Jan 1, 2002
Criticisms and Responses
Family planning programs occupy an unusual place in the public policy arena. They exist in virtually every nation in the world (see figure), yet they continue to spark controversy in some quarters. The Origins and Evolution of Family Planning Programs in Developing Countries, by Judith R. Seltzer, examines the main critiques of family planning programs and places these in historical context. The report also examines the research record to assess the validity of these criticisms and to document how programs have evolved in response to these criticisms. The intent in surveying this historical record is to enable readers to view current debates about family planning in a broader context and to evaluate the research evidence associated with claims made by proponents as well as critics of family planning programs.
The report addresses three main questions:
To understand the main criticisms of family planning programs, it is helpful to review the three public policy objectives that have underpinned these programs:
The main criticisms of family planning programs have paralleled these three objectives, frequently questioning the goals of the programs or the efficacy of programs to accomplish them. In addition, family planning programs have faced criticisms on cultural and religious grounds. Each of these areas is discussed in more detail below.

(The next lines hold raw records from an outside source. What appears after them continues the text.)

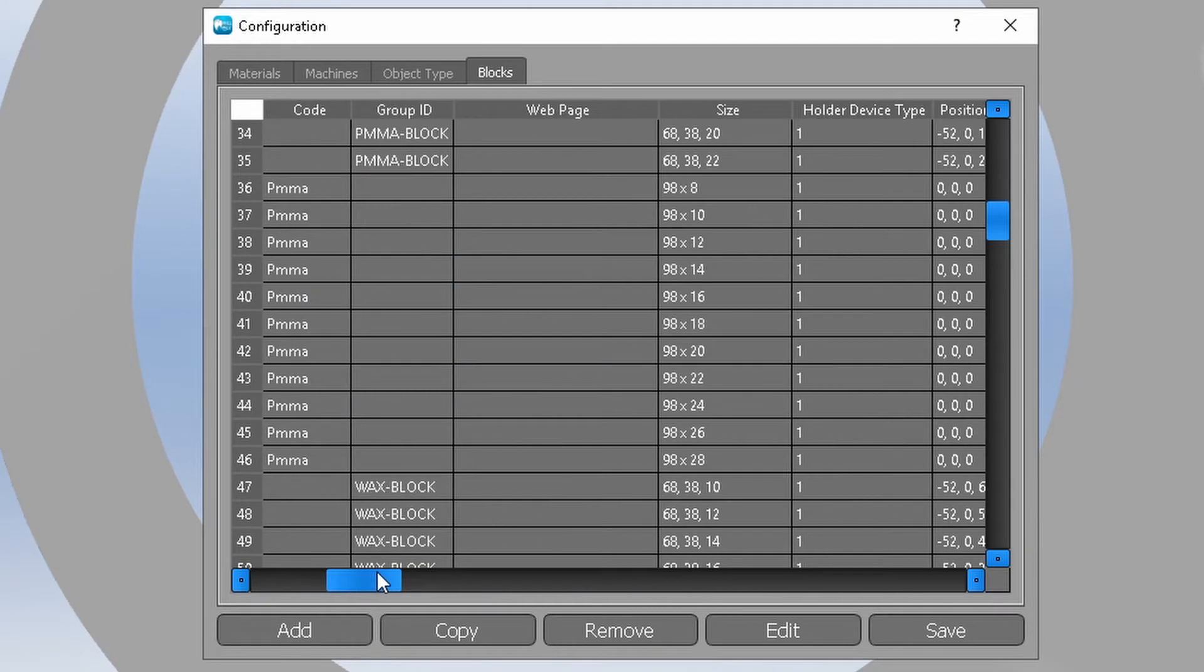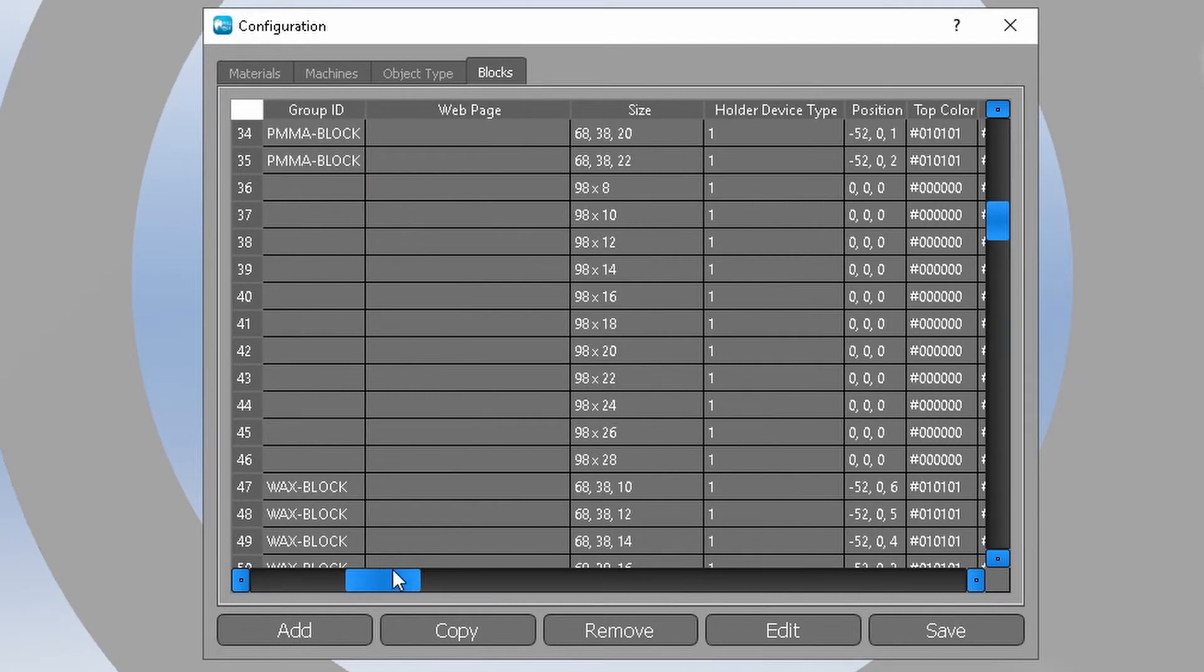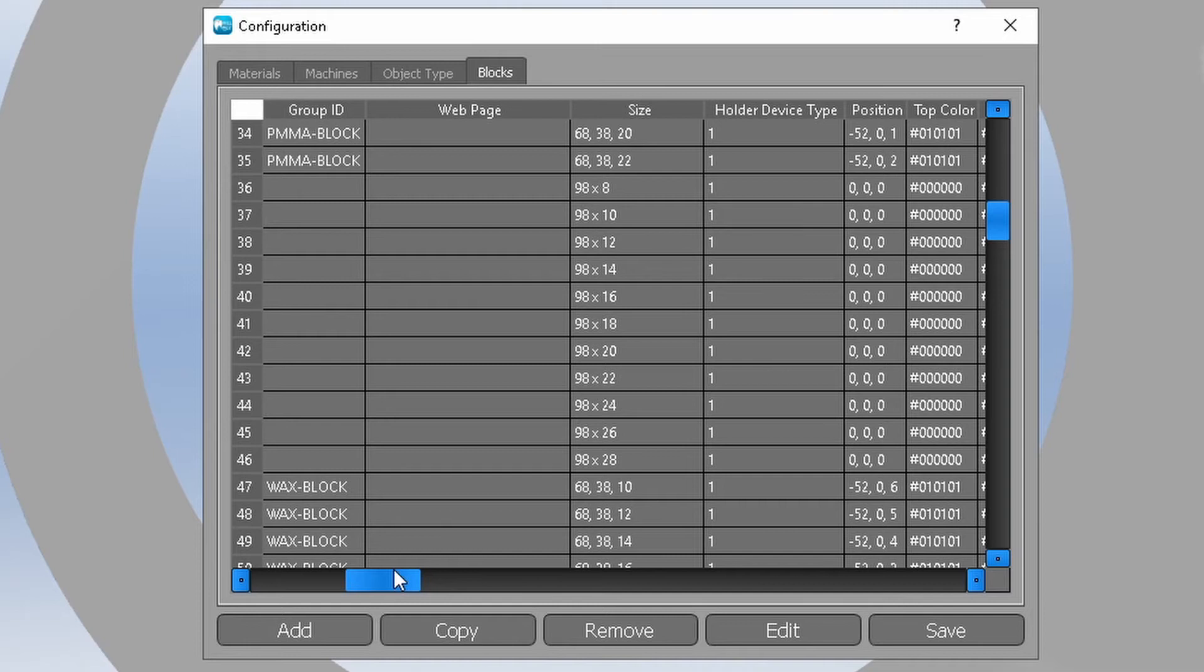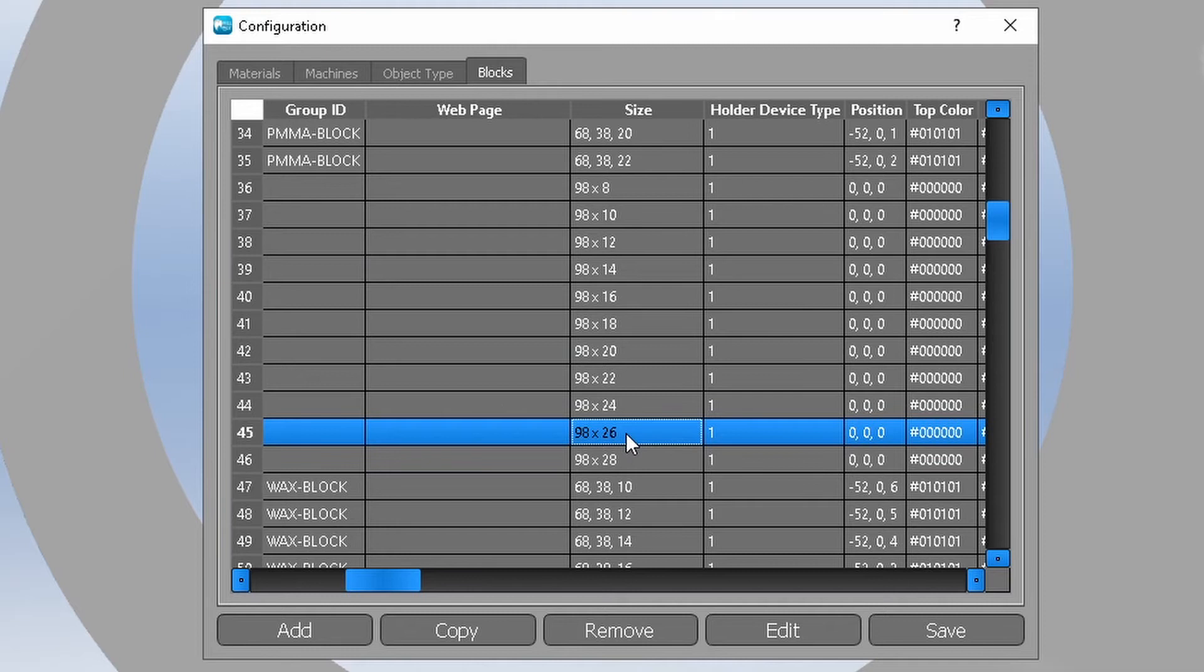If there is a blank size in the list which is never used, then we can edit it. If all sizes are in use then we can copy an existing one and adjust it to the desired size. For example, we never use 26mm PMMA blanks and we want to have 25mm instead.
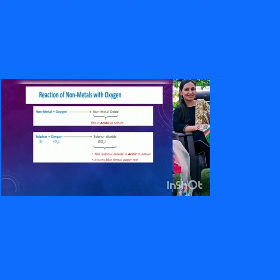In this module we are going to study the reaction of non-metals with oxygen. When non-metals react with oxygen, a non-metal oxide is formed. For example, when sulfur reacts with oxygen, it forms sulfur dioxide. This sulfur dioxide is acidic in nature — that is, when dissolved in water and the litmus paper test is performed, it turns blue litmus paper to red.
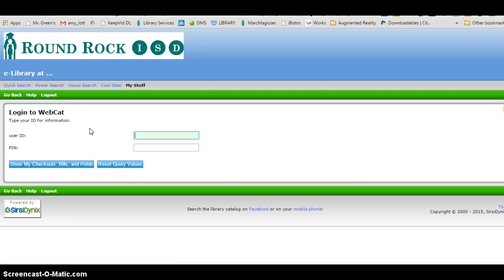If you are a student, simply type in your ID number, six-digit ID number, in both ID and PIN.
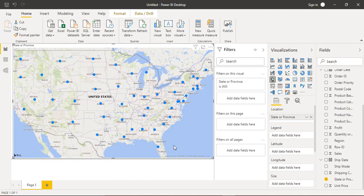Hello everyone, welcome back to the Power BI tutorial. In this video we will be seeing how we can create a map along with a pie chart in Power BI. In the previous videos we have already learned how to create a map — either a simple map or a filled map — and show some data using that map. In this video we are going to take a step further and combine the features of a map in Power BI along with a pie chart. We are choosing a pie chart because it can be represented very easily in a circular form.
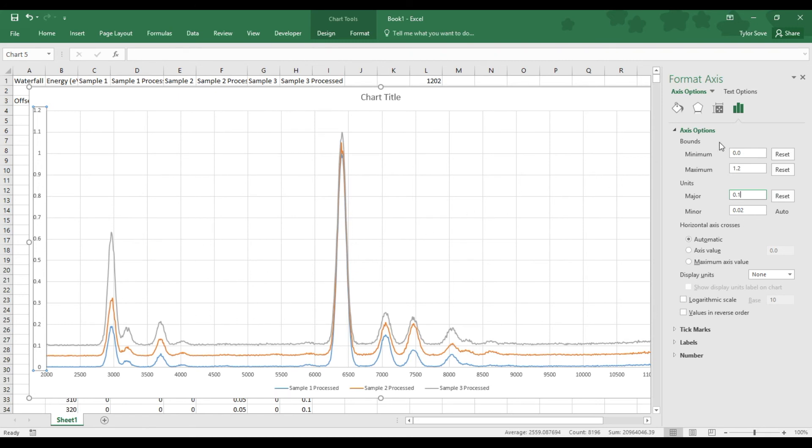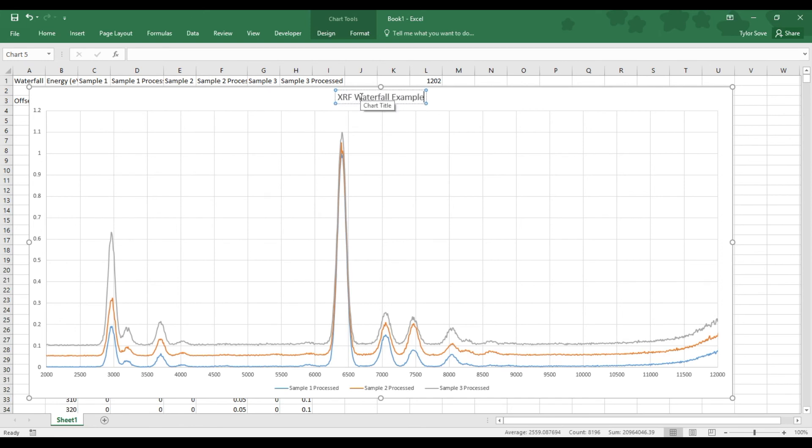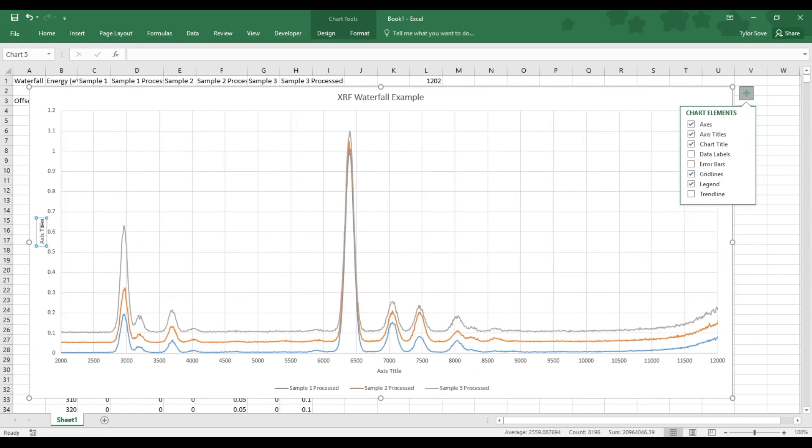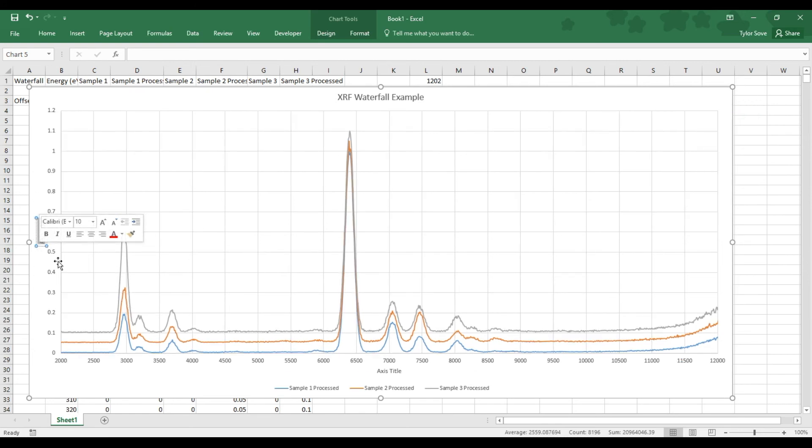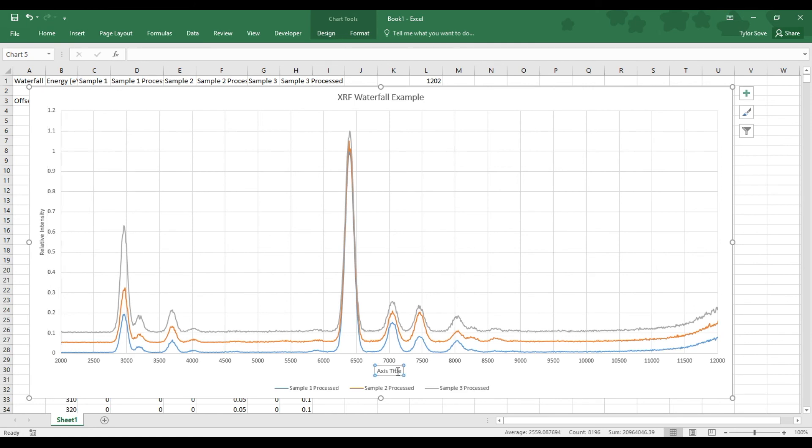Now the last thing that this graph is missing are titles. First and foremost, the graph title: XRF waterfall example. You'll probably put your sample name there. Now back up here to the top right to the green cross, which is our charts elements option. Choose the axis titles. Now over here under the photon count, which is what this typically is, because we have normalized our graph, this is now relative intensity. Relative intensity, perfect. Now under here, under the bottom, this is our energy. So I'll change that to energy, EV. There we go.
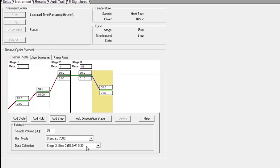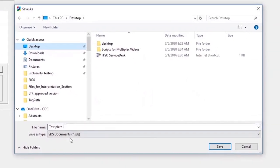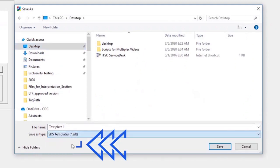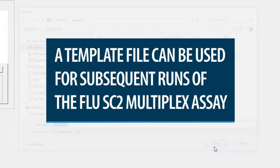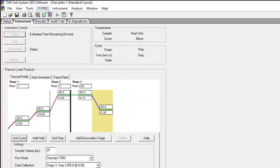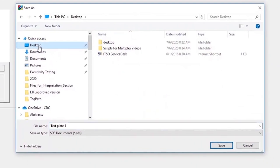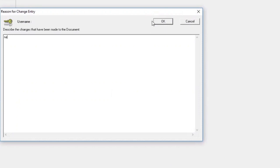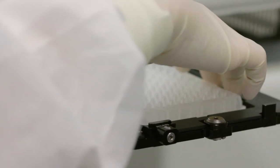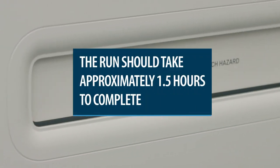This file can now be saved as a template file by clicking File, then Save As, and selecting SDS Templates (.SDT) in the Save As type box. Save in the appropriate folder. Save the run file in the appropriate run folder designation — this file is where the data from the run will be stored. Load the plate into the instrument and click the Start button. The run should take approximately 1.5 hours to complete.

The demographic objectives of family planning programs are based on three assumptions: (1) Rapid population growth impedes economic development, and therefore lower rates of population growth and lower fertility will help improve living standards and human welfare; (2) couples in developing countries want fewer children and seek to regulate their fertility; and (3) making contraception widely available is an effective way to meet couples' desires for fertility regulation and to moderate high fertility. Each of these assumptions has been debated. More recently, as aggregate global fertility rates have continued to fall, some have challenged the continuing need for programs aimed at reducing fertility.
Criticism: Lowering high fertility and slowing population growth will not necessarily produce economic benefits. Concerns about the impact of rapid population growth assumed that such growth would hinder economic development in developing countries and threaten food supplies, natural resources, and the environment. This assumption was called into question by social scientists who disputed the link between high fertility rates and economic growth. The debate over the link between rapid population growth and economic development continued for decades because the research base was inadequate to resolve the areas of disagreement.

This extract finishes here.